Questiono-me se as “decisões” de Markopoulos, em vez de serem previamente decididas, não se vão sucedendo e evoluíndo. Será possível que sejam de uma natureza caótica, imagens que surgem de repente de uma região a quatro dimensões? Recordei-me de uma passagem da Evolução Criativa de Bergson, que descreve o que vi enquanto observava Markopoulos a trabalhar. Encontrei essa passagem num capítulo chamado “O Mecanismo Cinematográfico do Pensamento e a Ilusão Mecanística”:

“Quando pensamos, nos expressamos ou percebemos esse devir”, escreveu Bergson, “dificilmente fazemos outra coisa a não ser accionar uma espécie de cinematógrafo dentro de nós…Cada uma das nossas acções almeja a uma relativa inclusão da nossa vontade na realidade. Existe, entre o nosso corpo e os outros corpos, uma ordenação semelhante à de peças de vidro que compõem uma imagem caleidoscópica. A nossa tarefa é ordenar e reordenar, agitando a cada vez o caleidoscópio, mas sem ter interesse nesse movimento, apenas vendo a imagem que daí surge.”

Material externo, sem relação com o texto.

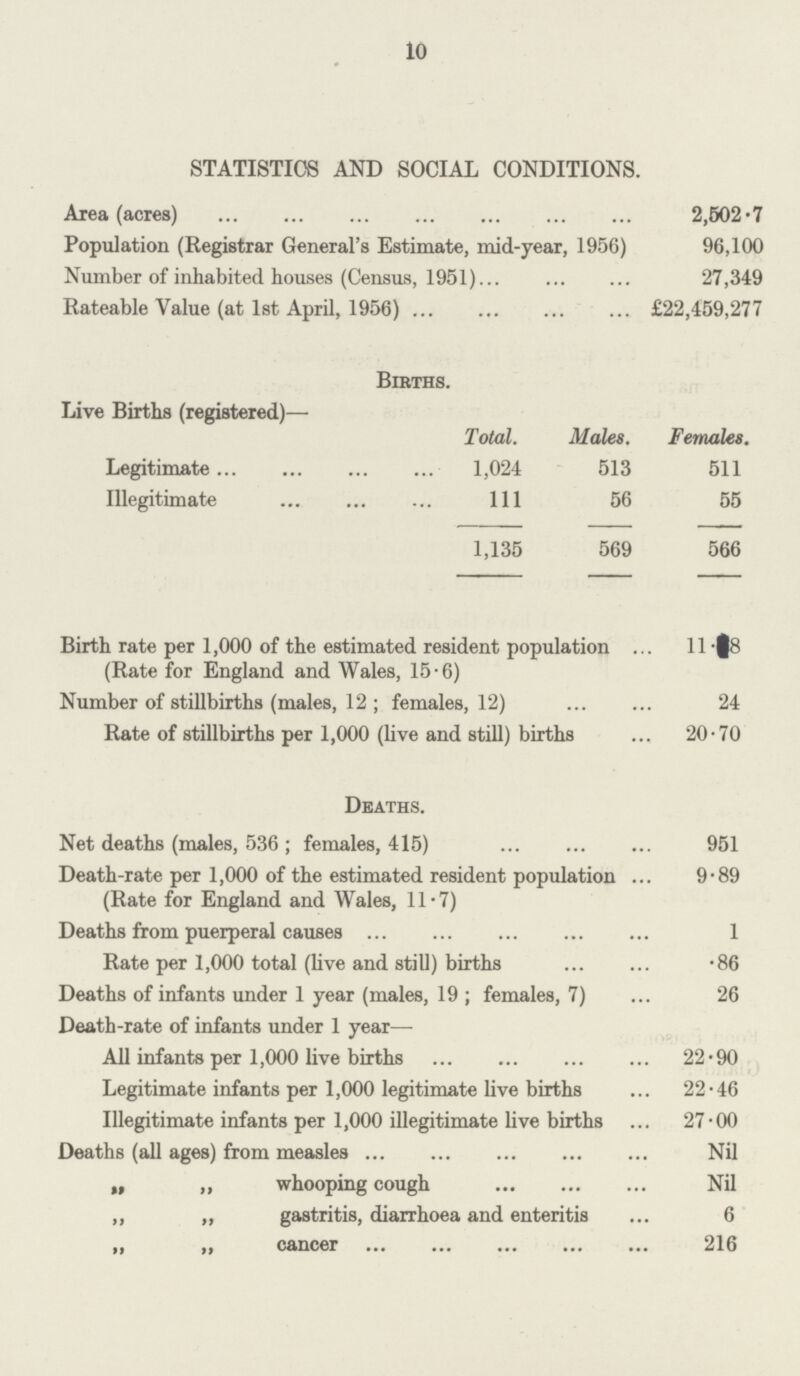 10 STATISTICS AND SOCIAL CONDITIONS. Area (acres) 2,502.7 Population (Registrar General's Estimate, mid-year, 1956) 96,100 Number of inhabited houses (Census, 1951) 27,349 Rateable Value (at 1st April, 1956) £22,459,277 Births. Live Births (registered)— Total. Males. Females. Legitimate 1,024 513 511 Illegitimate Ill 56 55 1,135 569 566 Birth rate per 1,000 of the estimated resident population 11 -08 (Rate for England and Wales, 15-6) Number of stillbirths (males, 12; females, 12) 24 Rate of stillbirths per 1,000 (live and still) births 20-70 Deaths. Net deaths (males, 536; females, 415) 951 Death-rate per 1,000 of the estimated resident population 9-89 (Rate for England and Wales, 11.7) Deaths from puerperal causes 1 Rate per 1,000 total (live and still) births .86 Deaths of infants under 1 year (males, 19; females, 7) 26 Death-rate of infants under 1 year— All infants per 1,000 live births 22.90 Legitimate infants per 1,000 legitimate live births 22.46 Illegitimate infants per 1,000 illegitimate live births 27.00 Deaths (all ages) from measles Nil ,, „ whooping cough Nil „ „ gastritis, diarrhoea and enteritis 6 „ „ cancer 216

Pensei na técnica de “montar dentro da câmara” deste reputado mágico. Antes de trabalhar com Markopoulos, supunha que confiar num tal método poderia criar resultados comparáveis aos que se obtêm num jogo, agora em desuso – a competição em que um concorrente vendado tem de encontrar a cauda do burro.

Pelo que consegui perceber, “fazer a montagem dentro da câmara”, resulta no tipo de prática que se podia esperar de um cineasta com um olhar de raio-x. Um tal artista talvez recorresse a um sentido do espaço como o que expõs C. H. Hinton nos seus livros, A New Era of Thought e The Fourth Dimension. Hinton desenvolveu uma série de exercícios com aglomerados de cubos coloridos, com os quais procurava despertar um sentido do espaço a quatro dimensões. Os exercícios complexos eram factuais e objectivos, e acreditava-se serem ao mesmo tempo capazes de permitir ao estudante ou ao praticante convicto uma forma de visão interior.

Quaisquer que sejam as formas que Gregory Markopoulos encontrou para “ver” o movimento que se dá dentro da sua câmara, pode dizer-se que o modo como vê é tão nítido, tão claro, que produz resultados de uma precisão e beleza sobrenaturais.